As a result of a broad selloff that affected many asset classes Thursday morning, precious metals saw sharp drops. Analysts believe this was due to forced liquidation rather than fundamental reasons.
Gold dropped $163, or 3.21%, to $4,921, and silver fell $9, or 10.73%, to $75.22. Between 11 a.m. and 11:30 a.m. EST, prices fell sharply, the most in a single day since January 29, when gold lost almost $500 and silver lost 26% of its value.
Companies like Nvidia and Alphabet were already losing value as early as 9:00 a.m. EST, which is where the selloff started in the AI sector. Alphabet started going down at 9 a.m. and found short-term support at 10 a.m., 30 minutes before the selloff spread to other sectors.
By 10:30 a.m., the virus had spread to other U.S. stocks. By 11:00 a.m., the Nasdaq had dropped 2% and the S&P 500 had dropped 1.57 %. The selloff then spread to other goods, especially valuable metals, which were hit especially hard.

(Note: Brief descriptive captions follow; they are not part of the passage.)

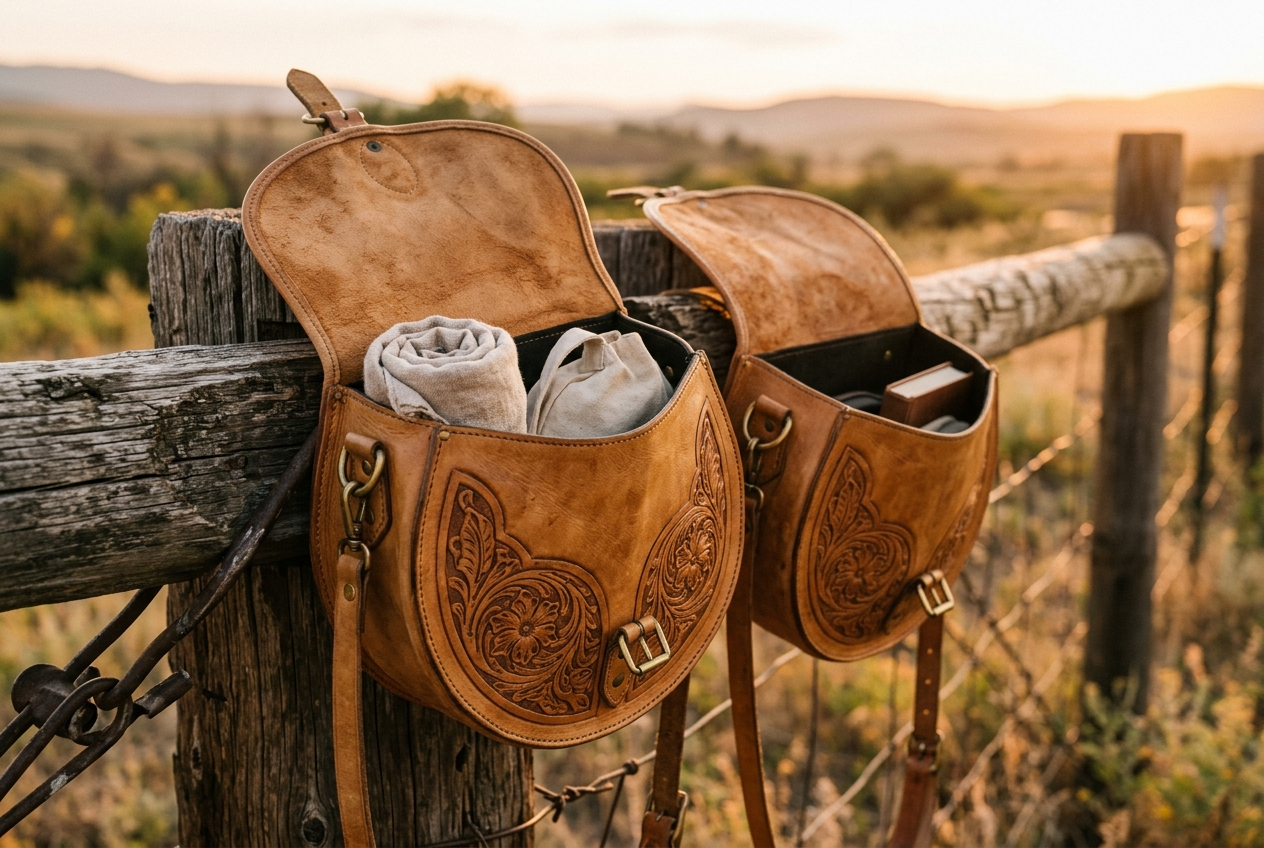 James Built Saddlery Logo
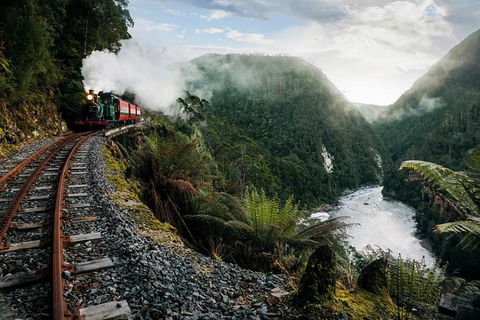 King River Whitewater Rafting Trip Including The Westcoast Wilderness Railway - QLD Tourism 0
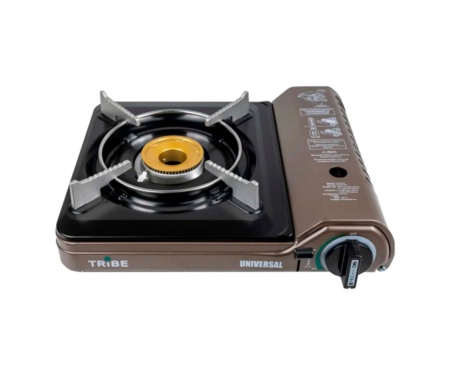Плита газовая Tribe Universal T-HD-0003 Grey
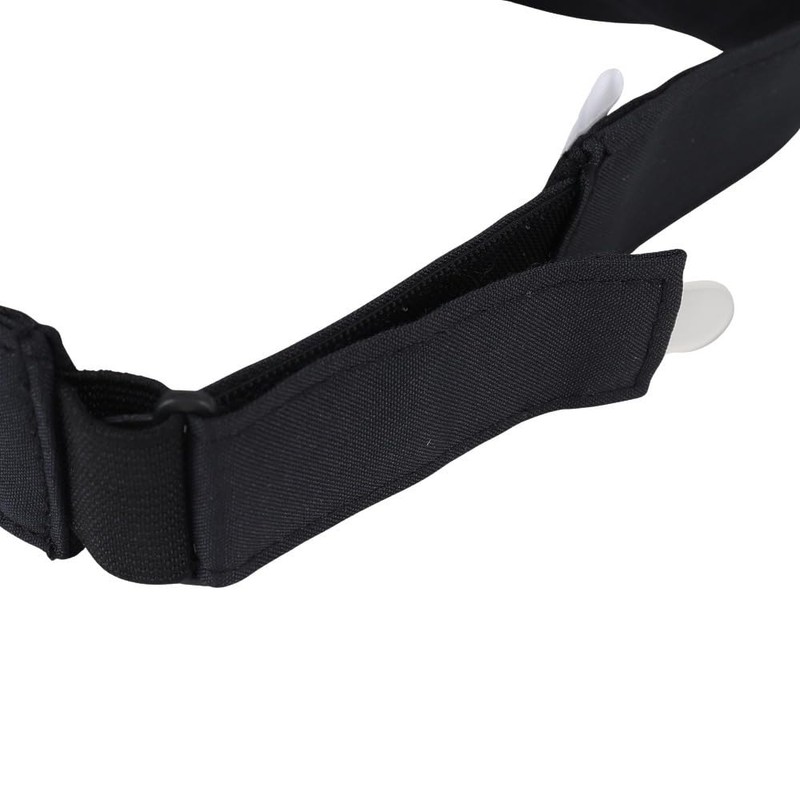 Yonex 40090 Women's Sun Visor, black (007)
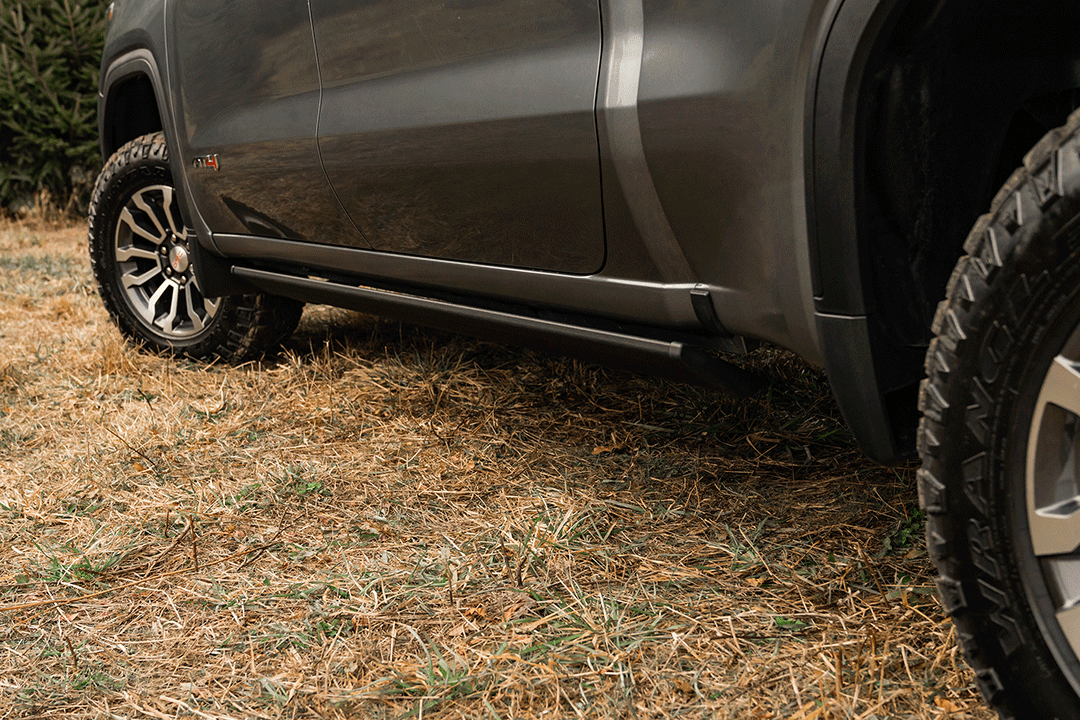 AMP Research 77254-01A PowerStep XL 3 inch Additional Drop | 2019-2022 GM Silverado/Sierra 2500HD/3500HD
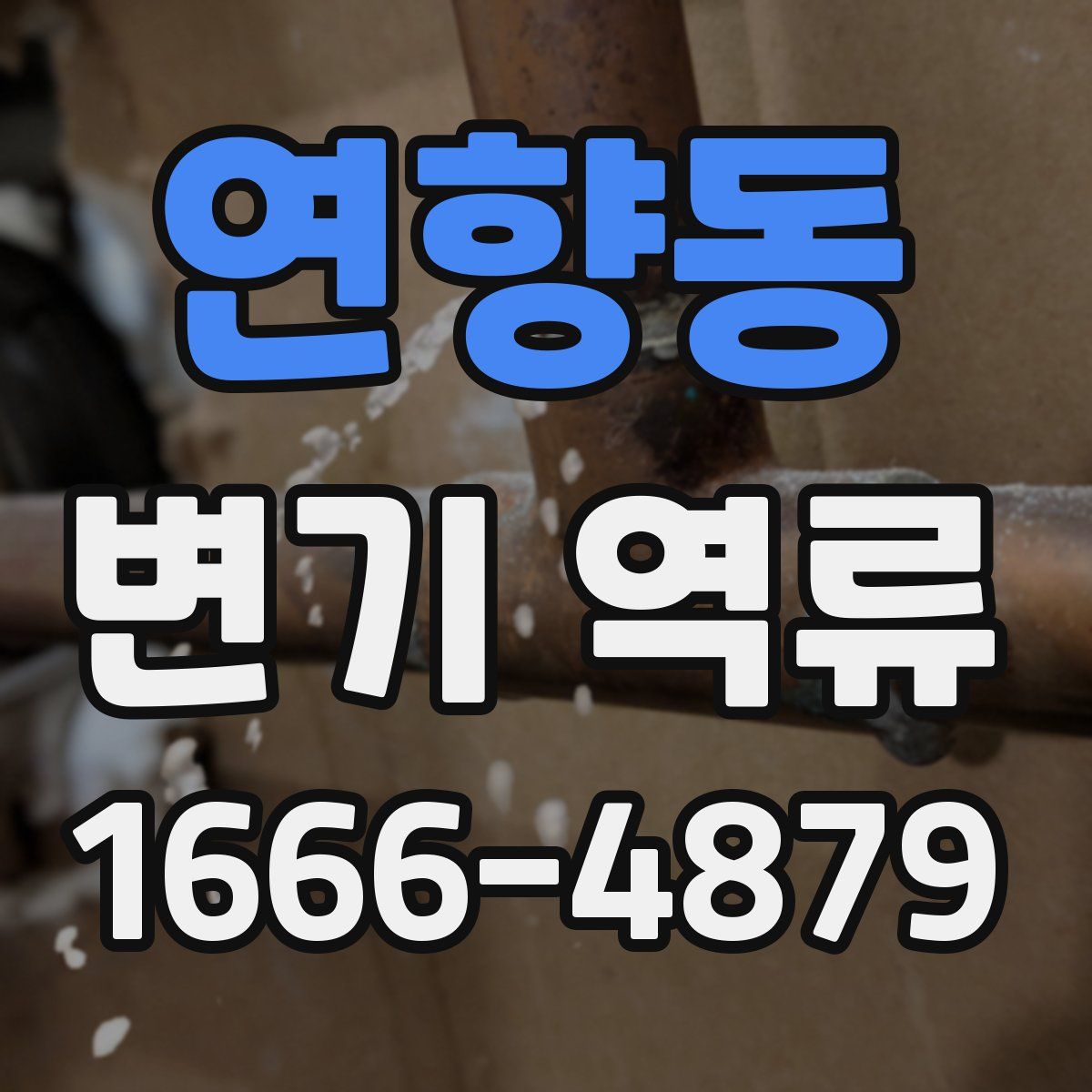 연향동 변기 역류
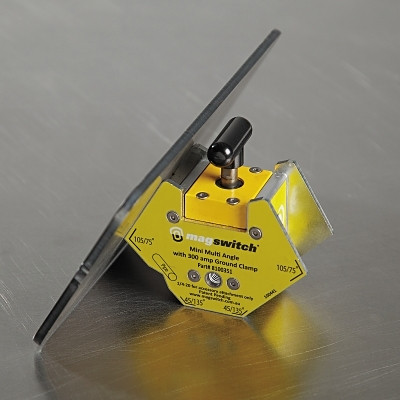 Magswitch 8100351 Mini Multi-Angle Welding Magnet, 150 lb Capacity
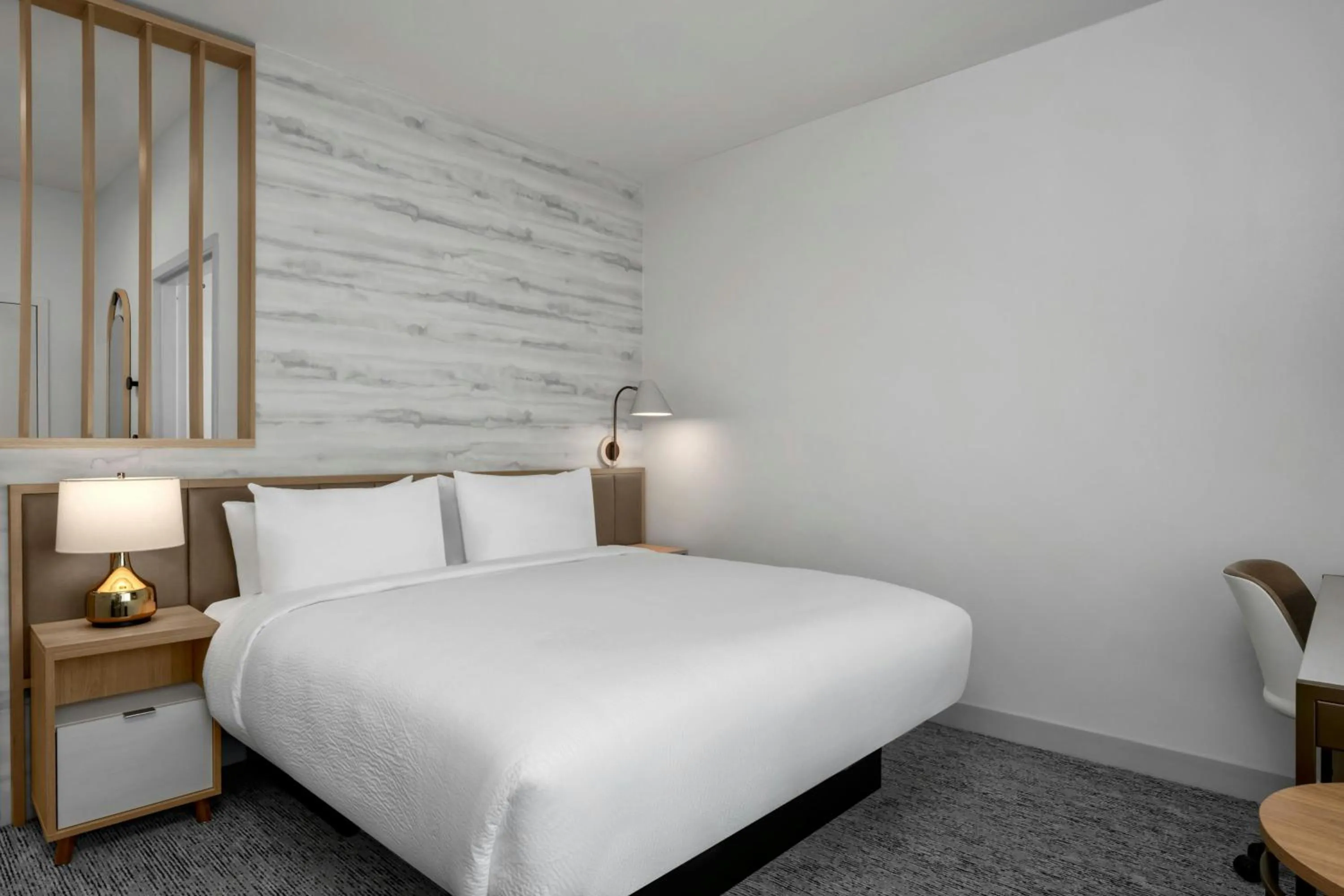 Photo of the whole room, Bed in TownePlace Suites by Marriott Midwest City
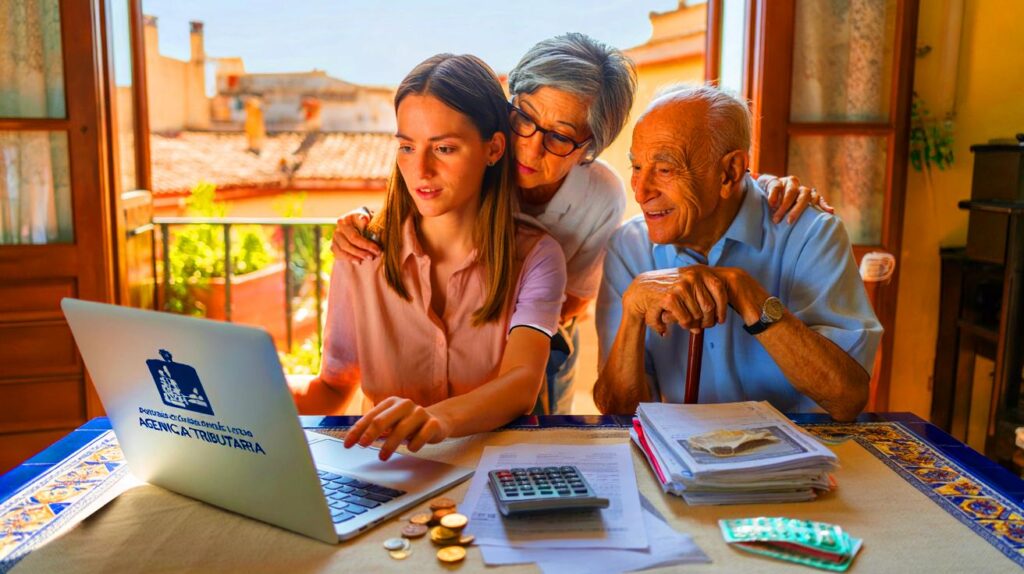 Are you living with someone over 65 in Spain: could €1,150 – or €2,550 at 75 – land in your pocket?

Michael Ball, a macro strategist at Bloomberg MLIV, said that the move was more likely due to systematic selling than to a lack of underlying strength: “Thursday’s risk-off tone in equities is starting to broaden out, with metals dropping suddenly on what looks like algo selling.” There was a small bounce, but metals are still taking a lot of damage from a quick drop that feels more like systematic strategy selling. This is the type of momentum-driven de-risking that you often see from the CTA community when levels give way.
The sharp drop doesn’t seem to have anything to do with a basic change in how people feel about precious metals. Some people in the market thought the move was a delayed response to Wednesday’s better-than-expected job numbers, but the timing and pattern of selling don’t support that view.
Market players will be closely watching Friday’s release of the January CPI. Most predictions call for an annual rise of 2.5%, which could affect how people feel about precious metals and the markets in general in the near future.